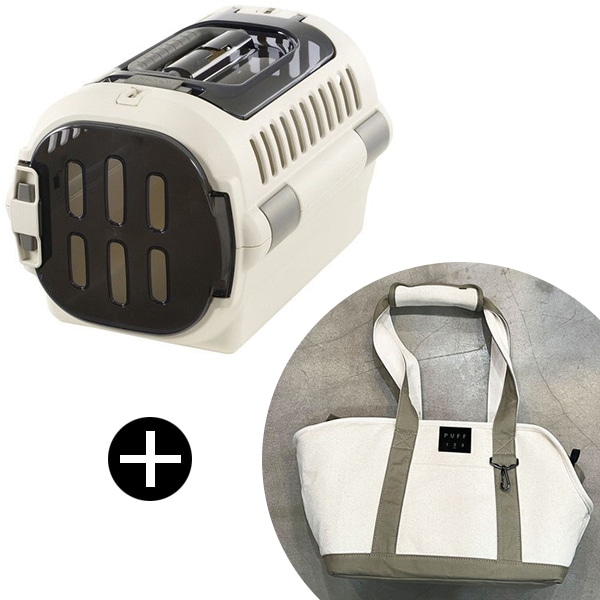 キャンピングキャリーファイン ダブルドア S アイボリー + PUFF pet carry canvas tote L P24004-21 ベージュ ペットキャリー セット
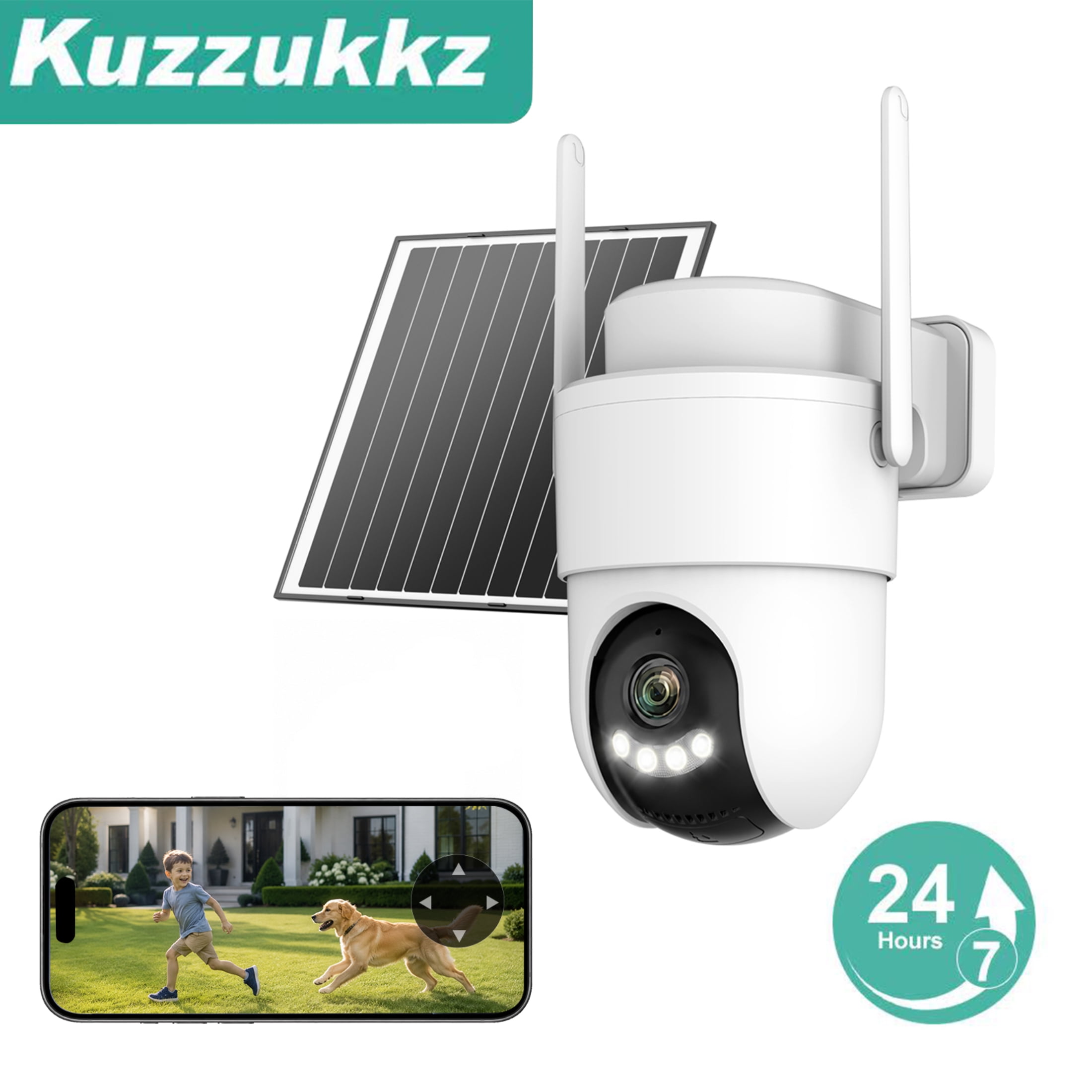Kuzzukkz 4G LTE Solar Cellular Security Camera with 10W Solar Panel, 2K ...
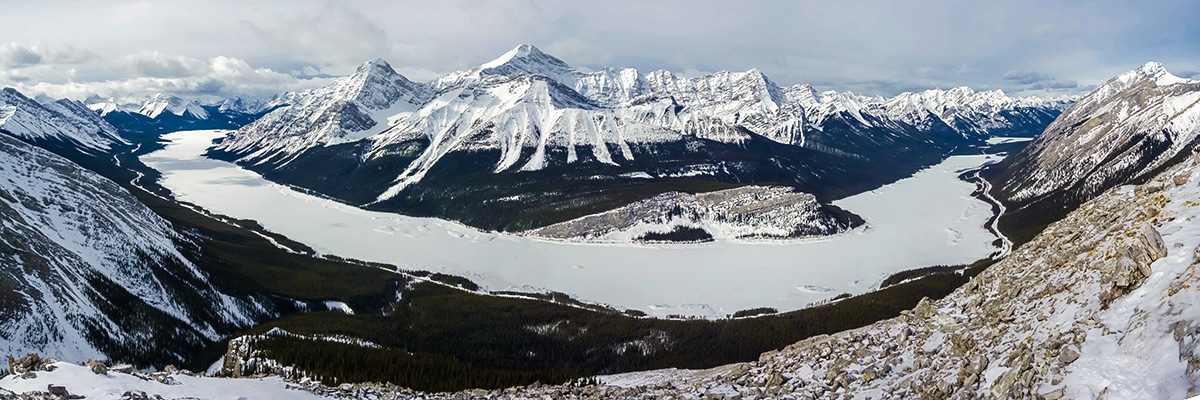 Stunning panorama of Spray Lakes from Little Lawson on Little Lougheed snowshoe trail in Kananaskis near Canmore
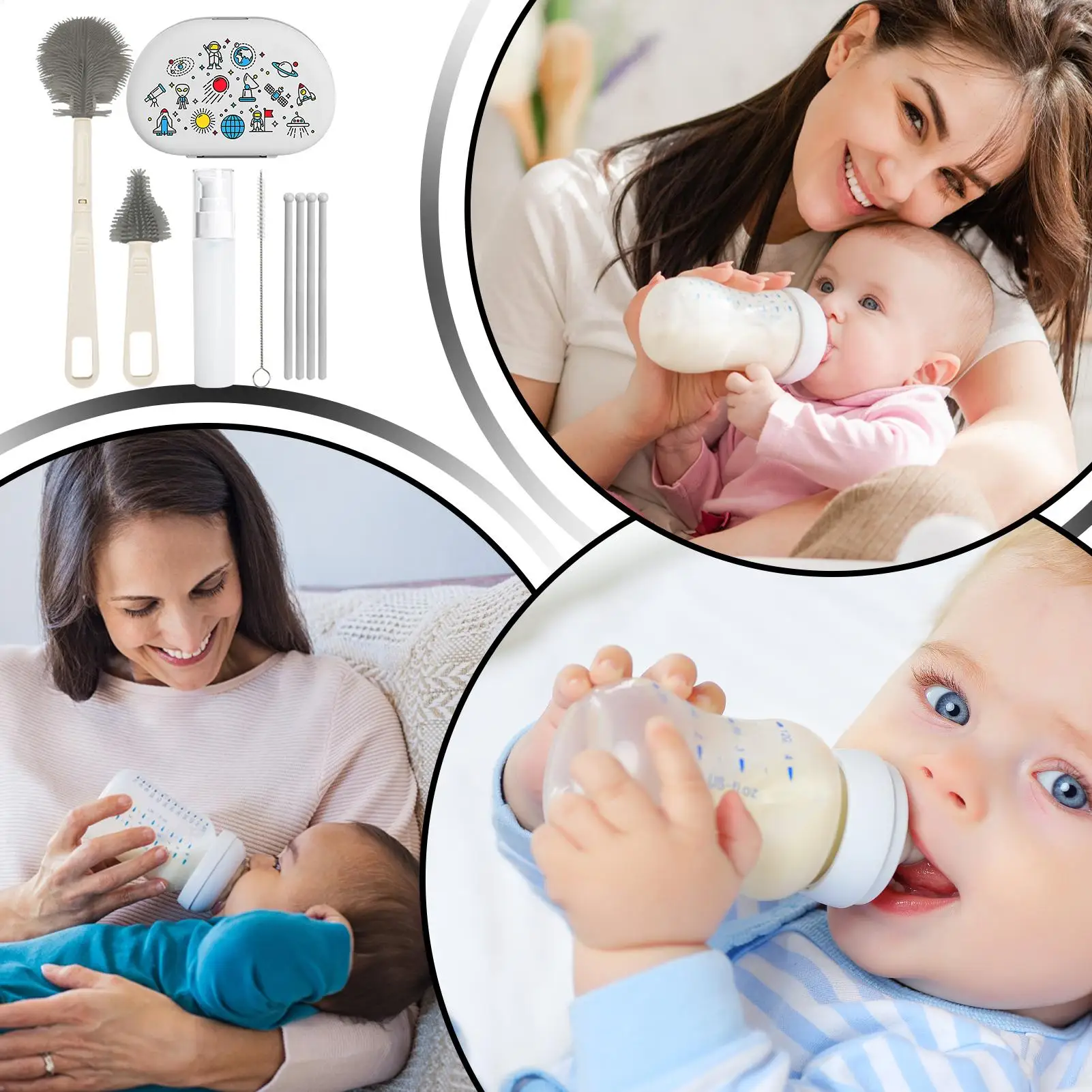 

Bottle Brush Kit With Drying Rack Cups Cleaning Tools Water Bottle Cleaner Brush For Lids Straws Nipple Breast Pumps Breast Milk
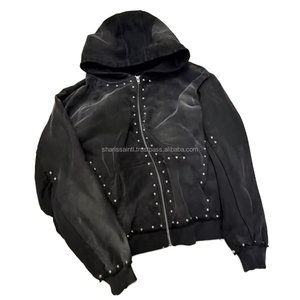 Custom Sun Faded Zipper French Terry Functional Acid Wash 500gsm Hombres Zip up Rivet Heavyweight Rhinestone Hoodie para hombres - Product Image 1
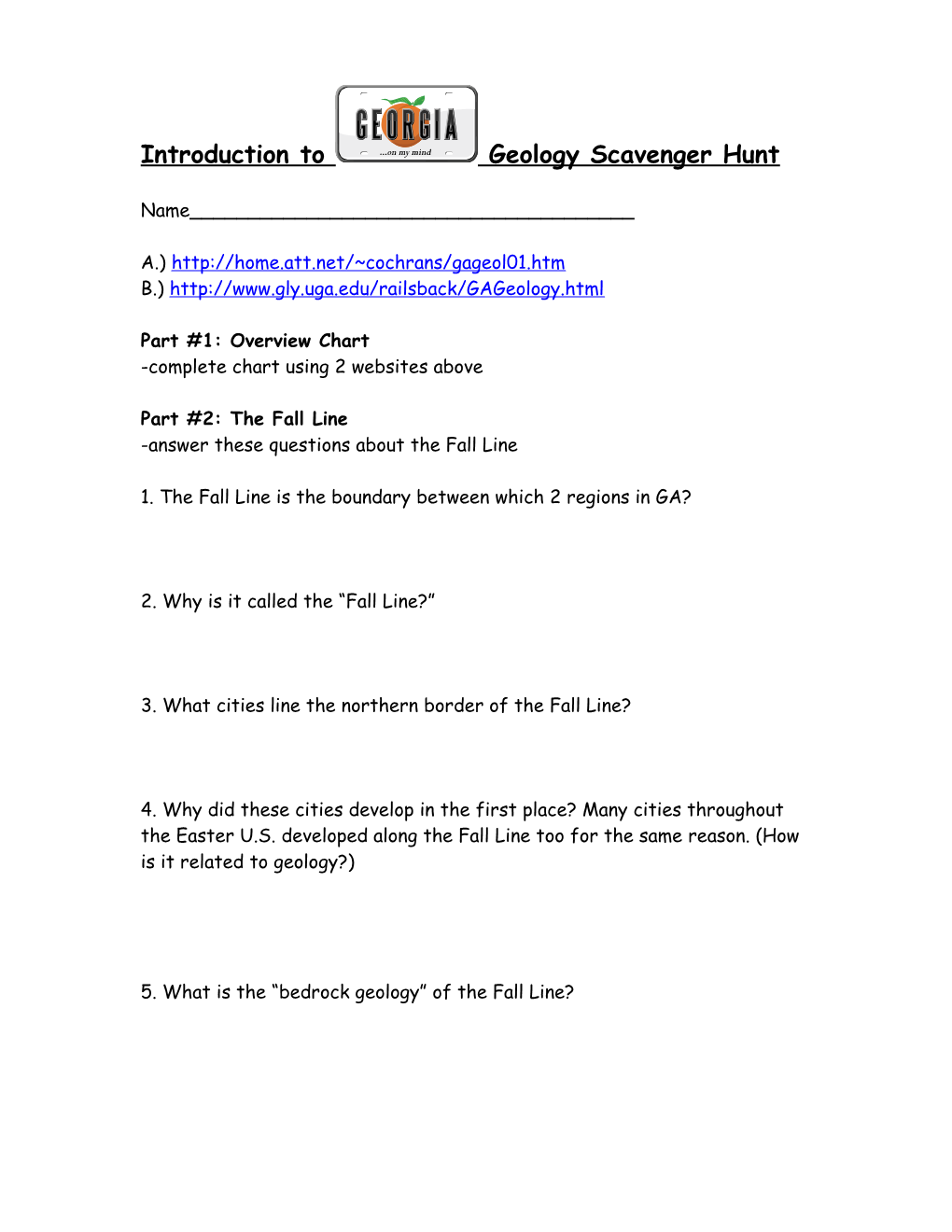 Introduction to Geology Scavenger Hunt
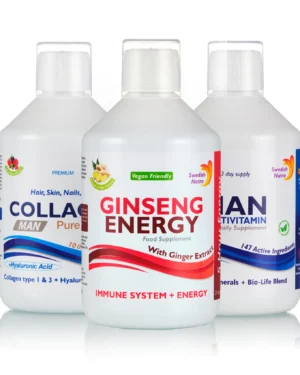 Superpachet energie şi vitalitate bărbaţi – colagen man + ginseng energy + man multivitamin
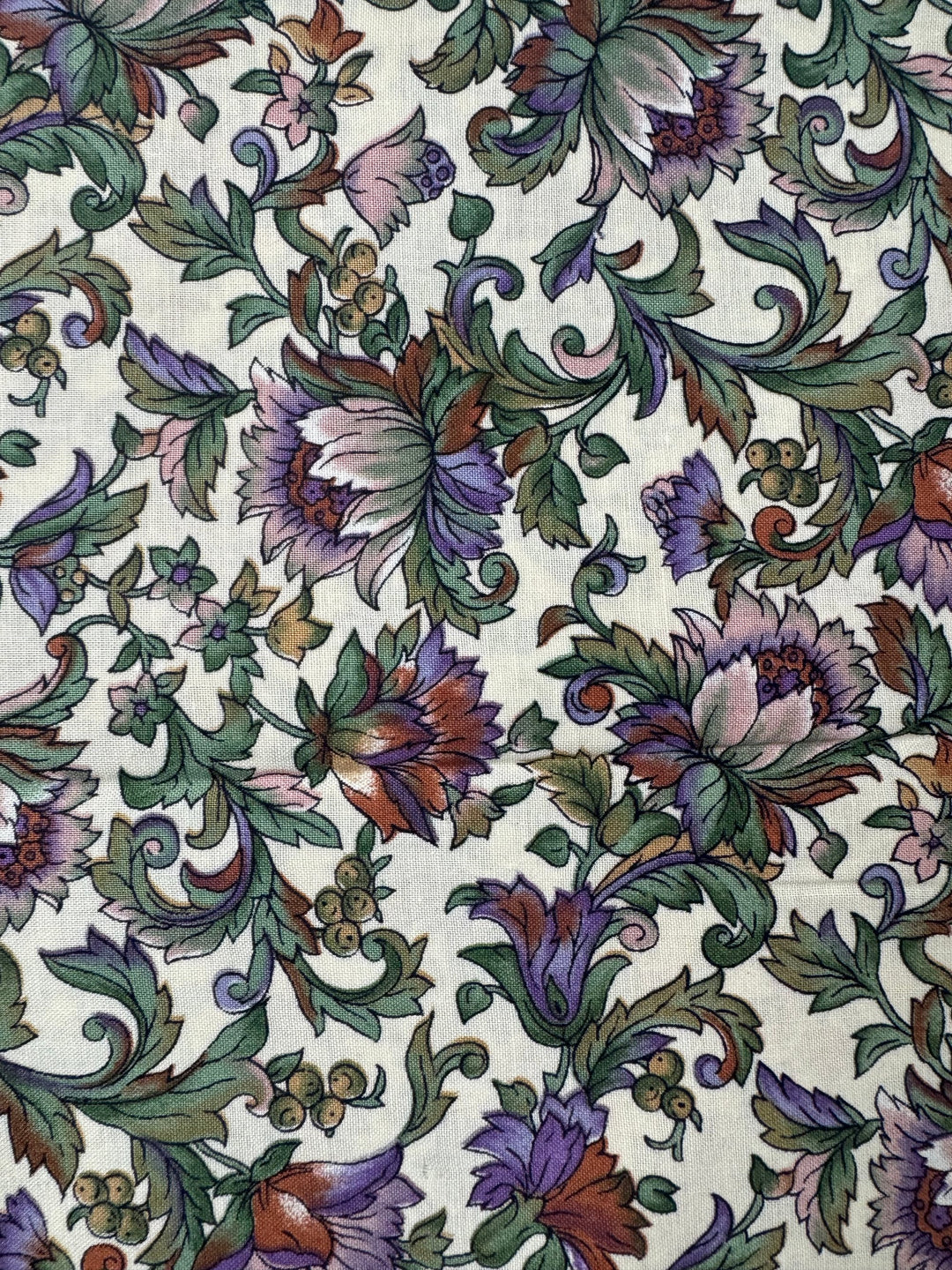Floral Patterned Fabric Textile - Think Vintage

= = = =

### ACTIVITY
Copy the listing exactly. Any image in it stays out of the copy.

### SOLVED PROBLEM
 キャンピングキャリーファイン ダブルドア S アイボリー + PUFF pet carry canvas tote L P24004-21 ベージュ ペットキャリー セット
Kuzzukkz 4G LTE Solar Cellular Security Camera with 10W Solar Panel, 2K ...
 Stunning panorama of Spray Lakes from Little Lawson on Little Lougheed snowshoe trail in Kananaskis near Canmore

Bottle Brush Kit With Drying Rack Cups Cleaning Tools Water Bottle Cleaner Brush For Lids Straws Nipple Breast Pumps Breast Milk
 Custom Sun Faded Zipper French Terry Functional Acid Wash 500gsm Hombres Zip up Rivet Heavyweight Rhinestone Hoodie para hombres - Product Image 1
 Introduction to Geology Scavenger Hunt
 Superpachet energie şi vitalitate bărbaţi – colagen man + ginseng energy + man multivitamin
Floral Patterned Fabric Textile - Think Vintage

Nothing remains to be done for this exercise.